Robert Fripp

Robert Fripp's Diary

Sunday 02 March 2003

The Rest of the World Tour.

11.15

The day has begun on Tourbus Quite Acceptable, at least for myself. Jared Driver's day began before midnight & has never ended. The corridor of bunks, separating front lounge & RF HQ in the back, is dark with (presumably) sleeping Crims & tour manager MJK. I left them, last night, watching Elvis And June on DVD. A Beast of Terror Cheesecake, a gift especially made for the band & delivered last night, was sampled, tested & past as exemplary of its kind.

The amount of motion-noise audible in my bunk is astonishing. This is not a complaint. Traveling horizontally, to one who has been climbing into vans & buses for 41 years and 10 months, is a treat. The first gigster vehicle of my acquaintance, for The Ravens, transported logs in the day. It was emptied in the evening and filled with young players - Tino, Gord, Graham & Bob - and their pitiful equipment (a Watkins Dominator, 17 watts of aggressive self-assertion, came later) before setting off to their next audience-encounter. Stapehill Youth Club, The Beacon Hotel, Wimborne Church Hall, suffered as much as the players in this van.

In 1969 the Ford Transit revolutionized gigster life in England. The addition of reclining aeroplane seats, in Crimson vans during 1971, was as close to luxury as one could then hope. But the fact is this: however one travels, it's traveling. One is in constant motion.

The good news is, our hotels now are much much better than the cheap motels that characterised Crimson life 1969-74. These, and the life that accompanied them, left scars that may not bleed anymore; but little is needed to scratch up the memories. This is from the period when Crimson players were not paid for live performance - they received per diems, nothing more - while EG Management paid themselves 25% of gross. The band, after all, were promoting their albums and would be paid record & publishing royalties. No mention was made that EG were also paid 25% of publishing & records. But, at the time, there didn't seem to be another way. Today, for beginning artists, there doesn't seem to be another way.

As a footnote, the assumption that record & publishing royalties will be paid is run through & through with optimism. In case it need be repeated, as if a mantra, the music industry is fundamentally exploitative. This is the basis on which the industry operates. As an inevitable consequence of this, the music industry is fundamentally corrupt.

11.41

Pulling into Washington DC.

A call to Sistery Sister.

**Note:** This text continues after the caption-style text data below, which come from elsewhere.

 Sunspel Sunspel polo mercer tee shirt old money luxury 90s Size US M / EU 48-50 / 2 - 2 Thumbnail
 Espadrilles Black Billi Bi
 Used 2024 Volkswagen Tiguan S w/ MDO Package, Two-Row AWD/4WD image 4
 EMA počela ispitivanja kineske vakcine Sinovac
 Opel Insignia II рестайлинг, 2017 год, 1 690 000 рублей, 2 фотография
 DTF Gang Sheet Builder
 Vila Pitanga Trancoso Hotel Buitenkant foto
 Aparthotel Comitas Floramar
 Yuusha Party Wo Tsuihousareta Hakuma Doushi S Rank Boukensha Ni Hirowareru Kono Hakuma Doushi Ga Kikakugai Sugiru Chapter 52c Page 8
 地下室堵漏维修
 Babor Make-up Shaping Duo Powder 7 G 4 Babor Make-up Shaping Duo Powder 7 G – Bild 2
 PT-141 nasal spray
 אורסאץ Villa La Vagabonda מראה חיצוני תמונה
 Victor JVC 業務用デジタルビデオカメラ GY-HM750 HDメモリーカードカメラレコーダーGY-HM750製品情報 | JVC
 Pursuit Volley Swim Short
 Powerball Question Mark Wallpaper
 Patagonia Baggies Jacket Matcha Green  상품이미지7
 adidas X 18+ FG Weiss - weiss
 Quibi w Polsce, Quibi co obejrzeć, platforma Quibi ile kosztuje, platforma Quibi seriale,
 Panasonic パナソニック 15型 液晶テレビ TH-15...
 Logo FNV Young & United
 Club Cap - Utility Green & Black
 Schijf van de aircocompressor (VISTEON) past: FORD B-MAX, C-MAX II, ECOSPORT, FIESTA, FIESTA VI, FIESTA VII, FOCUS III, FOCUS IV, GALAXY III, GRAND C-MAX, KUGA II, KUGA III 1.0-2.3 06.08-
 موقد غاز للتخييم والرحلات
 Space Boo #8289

She is well & about to leave to SF airport for Atlanta (which we have just left), Denver (that we will soon enter) and Edmonton (for now, only a memory).

12.12

We seem to be lost.

13.34

The Team are in their hotel on Pennsylvania Avenue, and I have opted to stay close to the Crimbus & Fripp Mobile HQ in the back. In post-Event Washington, buses are not allowed to be parked on the streets, so the Crimbus will be parked at the crew hotel in Alexandria.

We are now lost looking for Alexandria.

Although the drive on-the-way-to-be-about-to-be-becoming lost took us past the White House, the Capitol Building & the Holocaust Memorial. There is a large amount of new & ongoing construction work in this strange city.

19.30

On the bus in the parking lot of Hotel Acceptable, 8 blocks from King Street in the Old Town, computing.